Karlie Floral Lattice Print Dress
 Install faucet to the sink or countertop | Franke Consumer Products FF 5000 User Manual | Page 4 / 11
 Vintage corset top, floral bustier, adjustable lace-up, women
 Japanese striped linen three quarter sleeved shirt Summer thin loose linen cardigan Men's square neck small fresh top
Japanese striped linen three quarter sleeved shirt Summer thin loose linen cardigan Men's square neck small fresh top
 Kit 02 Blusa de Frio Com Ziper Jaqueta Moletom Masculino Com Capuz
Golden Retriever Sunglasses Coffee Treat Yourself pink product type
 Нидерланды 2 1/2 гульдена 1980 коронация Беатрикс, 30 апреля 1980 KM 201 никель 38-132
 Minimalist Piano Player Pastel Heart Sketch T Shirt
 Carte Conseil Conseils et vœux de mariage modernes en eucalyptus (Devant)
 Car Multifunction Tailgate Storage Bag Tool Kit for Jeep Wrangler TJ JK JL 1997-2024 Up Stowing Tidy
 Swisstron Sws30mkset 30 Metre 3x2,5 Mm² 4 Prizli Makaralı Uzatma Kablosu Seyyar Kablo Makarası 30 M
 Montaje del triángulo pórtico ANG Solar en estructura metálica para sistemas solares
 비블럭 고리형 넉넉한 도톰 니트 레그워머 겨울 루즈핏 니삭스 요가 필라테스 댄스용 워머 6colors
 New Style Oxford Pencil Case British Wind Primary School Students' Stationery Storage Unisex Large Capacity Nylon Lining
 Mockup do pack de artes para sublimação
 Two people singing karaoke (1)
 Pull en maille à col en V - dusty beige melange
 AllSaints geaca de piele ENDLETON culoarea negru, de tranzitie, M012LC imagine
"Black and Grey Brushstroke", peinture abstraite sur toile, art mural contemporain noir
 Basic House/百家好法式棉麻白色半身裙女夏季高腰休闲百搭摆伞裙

================

▶ _The problem_
Which lines above run from the one containing "비블럭 고리형 넉넉한" down to the one containing "AllSaints geaca de"? Repeat exactly those, both ends included, and nothing else.

▶ _Response area_
 비블럭 고리형 넉넉한 도톰 니트 레그워머 겨울 루즈핏 니삭스 요가 필라테스 댄스용 워머 6colors
 New Style Oxford Pencil Case British Wind Primary School Students' Stationery Storage Unisex Large Capacity Nylon Lining
 Mockup do pack de artes para sublimação
 Two people singing karaoke (1)
 Pull en maille à col en V - dusty beige melange
 AllSaints geaca de piele ENDLETON culoarea negru, de tranzitie, M012LC imagine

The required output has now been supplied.